Wednesday, September 23, 2009

Korean Adoptee Reports on Orphanage Visit

From, Reporter Returns to Orphanage in Korea:
There are some adopted children who dream all their lives of meeting their birth families. They have imagined the reunion hundreds of times in remarkable detail: the hugs, the tears, the in-depth explanations of how and why.

I was never one of those kids.

Growing up as a Korean-American adoptee, I honestly can't recall any fairy-tale notions of reconciliation. From early on, I maintained a pragmatic view of my adoption, accepting and even appreciating the circumstances that had allowed me to grow up in the United States.

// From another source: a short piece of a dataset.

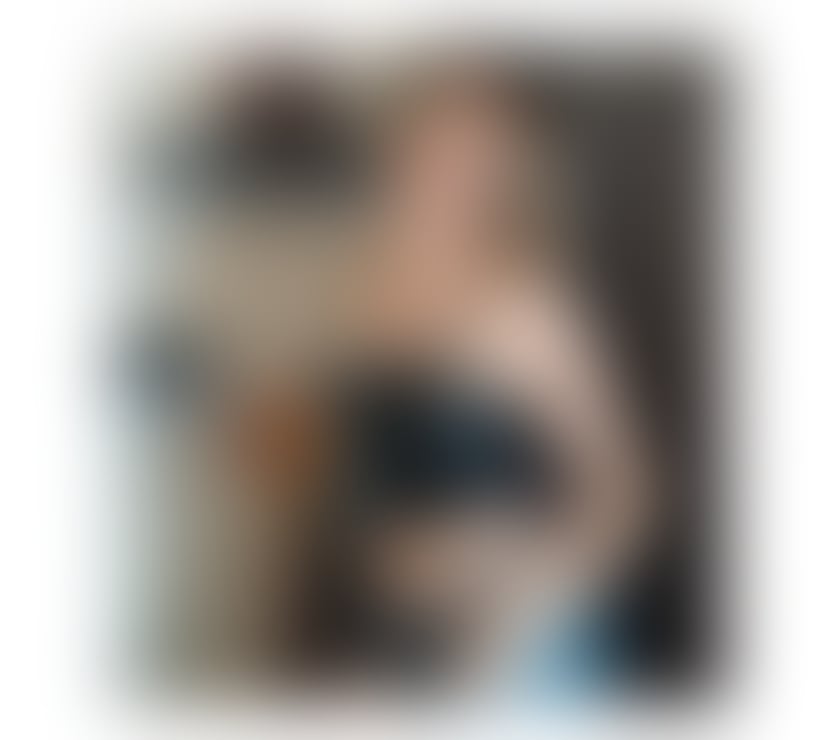 Escorts Lancashire Preston - Photos for 🔥Nina Thai massage 💆❤️‍🔥100%real ❤️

I knew little about my birthplace, only the details my parents had gleaned from their local adoption agency: that I had been left at a police station in Seoul and later turned over to an orphanage. My childhood, in the suburbs of Philadelphia, was loving and untroubled. I felt little reason to seek out further explanation.

I had, however, long pondered traveling to South Korea. Growing up, I fielded countless questions about my background and my ethnicity, all while knowing very little about Korean culture. I don't speak Korean; I had never visited and knew very little about the country, beyond what I had attempted to learn through books, articles and cuisine.

As a young adult, I decided that I wanted not only to visit South Korea, but to do so in a way that would honor my unique attachment to it. I just wasn't sure how.
Read the whole thing to discover what she (and her sister) found.


Lisa said...

This is a fascinating story, Malinda. I hope she feels better about a reunion later (if the birth family agrees). I teared up when I read the last part, how she left her contact info "just in case" they decide to find her after 30 years.

Margie said...

Thanks for posting this, I missed it while we were gone. Hope all is well in your world.